(RECORDS SHOWN begins)
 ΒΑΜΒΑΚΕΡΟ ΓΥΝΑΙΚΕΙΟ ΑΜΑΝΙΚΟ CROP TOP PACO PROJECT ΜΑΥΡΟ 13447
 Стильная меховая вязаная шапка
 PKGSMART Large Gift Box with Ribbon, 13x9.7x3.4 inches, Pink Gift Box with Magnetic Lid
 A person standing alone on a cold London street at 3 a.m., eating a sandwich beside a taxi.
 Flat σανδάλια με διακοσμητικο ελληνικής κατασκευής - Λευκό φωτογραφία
(RECORDS SHOWN ends)
# [REQUIRED WORK]
The answer consists solely of the lines from the one containing "A person standing" through the last line of the data above, reproduced exactly.

# [EXERCISE OUTPUT]
 A person standing alone on a cold London street at 3 a.m., eating a sandwich beside a taxi.
 Flat σανδάλια με διακοσμητικο ελληνικής κατασκευής - Λευκό φωτογραφία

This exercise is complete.